Listed entries:
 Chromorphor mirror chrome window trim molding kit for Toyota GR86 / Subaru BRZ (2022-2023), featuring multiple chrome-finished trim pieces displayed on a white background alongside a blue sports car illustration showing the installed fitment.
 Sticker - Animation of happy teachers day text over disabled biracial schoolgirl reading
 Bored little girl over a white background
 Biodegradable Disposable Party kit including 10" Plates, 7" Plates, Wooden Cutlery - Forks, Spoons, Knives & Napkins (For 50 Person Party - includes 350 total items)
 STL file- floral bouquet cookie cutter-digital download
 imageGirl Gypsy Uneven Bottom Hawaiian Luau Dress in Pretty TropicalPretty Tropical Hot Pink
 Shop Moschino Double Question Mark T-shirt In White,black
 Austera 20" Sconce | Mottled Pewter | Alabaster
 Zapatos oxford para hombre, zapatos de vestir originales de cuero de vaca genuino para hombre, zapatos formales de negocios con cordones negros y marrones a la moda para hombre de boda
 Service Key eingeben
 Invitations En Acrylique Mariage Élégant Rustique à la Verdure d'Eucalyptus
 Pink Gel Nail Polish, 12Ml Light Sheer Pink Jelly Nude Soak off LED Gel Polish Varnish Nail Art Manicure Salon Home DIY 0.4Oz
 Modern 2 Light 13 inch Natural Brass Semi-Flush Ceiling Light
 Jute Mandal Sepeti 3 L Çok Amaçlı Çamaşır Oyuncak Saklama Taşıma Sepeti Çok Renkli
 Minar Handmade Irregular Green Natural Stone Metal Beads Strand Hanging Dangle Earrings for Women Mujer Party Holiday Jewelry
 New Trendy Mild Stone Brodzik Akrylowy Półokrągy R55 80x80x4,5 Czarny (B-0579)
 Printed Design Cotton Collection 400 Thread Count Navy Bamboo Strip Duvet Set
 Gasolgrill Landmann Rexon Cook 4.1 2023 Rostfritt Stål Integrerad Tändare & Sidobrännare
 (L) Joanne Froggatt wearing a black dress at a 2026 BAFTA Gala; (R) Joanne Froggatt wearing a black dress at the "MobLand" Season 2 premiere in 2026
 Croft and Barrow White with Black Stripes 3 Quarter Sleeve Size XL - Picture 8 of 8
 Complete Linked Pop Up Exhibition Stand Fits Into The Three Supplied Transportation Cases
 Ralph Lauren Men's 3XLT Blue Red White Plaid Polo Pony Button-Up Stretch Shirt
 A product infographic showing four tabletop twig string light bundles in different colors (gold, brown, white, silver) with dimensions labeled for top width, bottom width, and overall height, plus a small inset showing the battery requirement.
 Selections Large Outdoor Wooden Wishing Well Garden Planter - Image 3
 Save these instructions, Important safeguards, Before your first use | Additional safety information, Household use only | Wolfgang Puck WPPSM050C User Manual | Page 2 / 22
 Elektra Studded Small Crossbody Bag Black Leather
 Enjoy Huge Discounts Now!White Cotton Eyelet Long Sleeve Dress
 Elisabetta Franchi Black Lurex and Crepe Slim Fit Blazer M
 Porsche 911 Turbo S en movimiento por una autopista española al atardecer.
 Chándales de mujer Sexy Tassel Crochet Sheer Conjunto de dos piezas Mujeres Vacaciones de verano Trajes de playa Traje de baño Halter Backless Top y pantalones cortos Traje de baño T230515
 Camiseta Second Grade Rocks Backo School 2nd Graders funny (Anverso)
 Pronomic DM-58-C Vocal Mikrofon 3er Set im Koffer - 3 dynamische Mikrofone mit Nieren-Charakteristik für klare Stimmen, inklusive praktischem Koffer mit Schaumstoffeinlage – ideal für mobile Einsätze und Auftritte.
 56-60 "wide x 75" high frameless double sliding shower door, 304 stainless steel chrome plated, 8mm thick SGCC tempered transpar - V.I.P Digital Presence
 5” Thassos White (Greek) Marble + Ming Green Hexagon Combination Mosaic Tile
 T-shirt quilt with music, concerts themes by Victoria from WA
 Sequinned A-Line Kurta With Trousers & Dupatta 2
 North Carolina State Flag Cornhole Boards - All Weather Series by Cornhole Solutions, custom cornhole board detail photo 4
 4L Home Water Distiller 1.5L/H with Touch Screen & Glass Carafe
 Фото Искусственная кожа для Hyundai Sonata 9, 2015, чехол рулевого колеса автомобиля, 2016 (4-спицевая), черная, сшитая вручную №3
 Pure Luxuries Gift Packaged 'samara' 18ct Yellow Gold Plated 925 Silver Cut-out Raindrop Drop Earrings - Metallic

Prompt: Copy out precisely the lines from the line with "Sticker - Animation" to the line with "imageGirl Gypsy Uneven" in the material above, including those two lines and omitting all the rest.

Task answer:
 Sticker - Animation of happy teachers day text over disabled biracial schoolgirl reading
 Bored little girl over a white background
 Biodegradable Disposable Party kit including 10" Plates, 7" Plates, Wooden Cutlery - Forks, Spoons, Knives & Napkins (For 50 Person Party - includes 350 total items)
 STL file- floral bouquet cookie cutter-digital download
 imageGirl Gypsy Uneven Bottom Hawaiian Luau Dress in Pretty TropicalPretty Tropical Hot Pink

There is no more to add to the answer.